Finding the easier parallelizable version of the algorithm

We can define an algorithm as a sequence of steps to solve a problem. There are different ways to solve the same problem. Some are faster, some use less resources, and others fit better with special characteristics of the input data. For example, if you want to order a set of numbers, you can use one of the multiple sorting algorithms that have been implemented.

In a previous section of this chapter, we recommended you use a sequential algorithm as the starting point to implement a concurrent algorithm. There are two main advantages to this approach:

You can easily test the correctness of the results of your parallel algorithm
You can measure the improvement in performance obtained with the use of concurrency

But not every algorithm can be parallelized, at least not so easily. You might think that the best starting point would be the sequential algorithm with best performance solving the problem you want to parallelize, but this can be an incorrect assumption. You should look for an algorithm than can be easily parallelized. Then, you can compare the concurrent algorithm with the sequential one with best performance to see which of those offers the best throughput.

Using immutable objects when possible

One of the main problems you can have in a concurrent application is a data race condition. As we explained before, this happens when two or more tasks can modify the data stored in a shared variable and the access to that variable is not implemented inside a critical section.

For example, when you work with an object-oriented language such as Java, you implement your application as a collection of objects. Each object has a number of attributes and some methods to read and change the values of the attributes. If some tasks share an object and call to a method to change a value of an attribute of that object and that method is not protected by a synchronization mechanism, you will probably have data inconsistency problems.

There are special kinds of objects, called immutable objects. Its main characteristic is that you can't modify any of its attributes after its initialization. If you want to modify the value of an attribute, you must create another object. The String class in Java is the best example of immutable objects. When you use an operator (for example, = or +=) that we might think changes the value of a String, you are really creating a new object.

The use of immutable objects in a concurrent application has two very important advantages:

You don't need any synchronization mechanisms to protect the methods of these classes. If two tasks want to modify the same object, they will create new objects, so two tasks modifying the same object at a time will never occur.
You won't have any data inconsistency problems, as a conclusion of the first point.

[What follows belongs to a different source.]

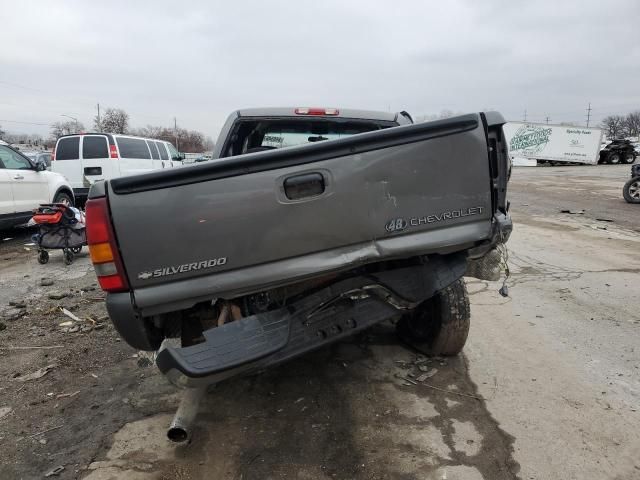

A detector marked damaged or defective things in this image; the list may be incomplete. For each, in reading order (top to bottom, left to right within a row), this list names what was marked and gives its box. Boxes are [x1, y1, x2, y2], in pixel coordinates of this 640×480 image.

broken taillight [85, 198, 130, 292]
damaged chevrolet silverado [86, 109, 510, 394]
cracked asphalt [0, 164, 636, 476]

There is a drawback with immutable objects. You can create too many objects, and this may affect the throughput and the use of memory of the application. If you have a simple object without internal data structures, it's usually not a problem to make it immutable. However, making complex objects, which incorporate collections of other objects, immutable usually leads to serious performance problems.

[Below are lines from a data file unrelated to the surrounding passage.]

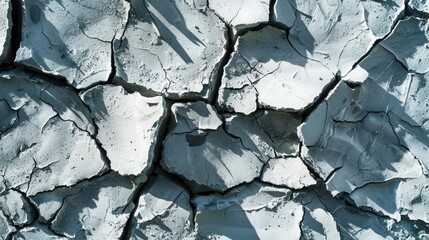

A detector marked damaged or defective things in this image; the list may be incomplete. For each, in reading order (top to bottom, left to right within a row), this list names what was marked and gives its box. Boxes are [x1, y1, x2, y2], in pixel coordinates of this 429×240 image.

splintered fragment [15, 0, 129, 88]
splintered fragment [113, 0, 227, 99]
splintered fragment [217, 25, 334, 114]
splintered fragment [80, 84, 167, 176]
splintered fragment [160, 101, 260, 191]
splintered fragment [128, 173, 193, 239]
splintered fragment [192, 183, 302, 239]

Avoiding deadlocks by ordering the locks

One of the best mechanisms to avoid a deadlock situation in a concurrent application is to force tasks to always, get shared resources in the same order. An easy way to do this is to assign a number to every resource. When a task needs more than one resource, it has to request them in order.

For example, if you have two tasks, T1 and T2, and both need two resources, R1 and R2, you can force both to request the R1 resource first, and then the R2 resource. You will never have a deadlock.

On the other hand, if T1 first requests R1 and then R2, and T2 first requests R2 and then R1, you can have a deadlock.

For example, a bad use of this tip is as follows. You have two tasks that need to get two Lock objects. They try to get the locks in a different order:

public void operation1() { 
  lock1.lock(); 
  lock2.lock(); 
     . 
} 
public void operation2() { 
  lock2.lock(); 
  lock1.lock(); 
      
}

It's possible that operation1() executes its first sentence and operation2() its first sentence too, so they will be waiting for the other Lock and you will have a deadlock.

You can avoid this simply by getting the locks in the same order. If you change operation2(), you will never have a deadlock, as follows:

public void operation2() { 
  lock1.lock(); 
  lock2.lock(); 
      
}

Using atomic variables instead of synchronization

When you have to share data between two or more tasks, you have to use a synchronization mechanism to protect access to that data and avoid any data inconsistency problems.

Under some circumstances, you can use the volatile keyword and not use a synchronization mechanism. If only one of the tasks modifies the data and the rest of the tasks read it, you can use the volatile keyword without any synchronization or data inconsistency problems. In other scenarios, you need to use a lock, the synchronized keyword, or any other synchronization method.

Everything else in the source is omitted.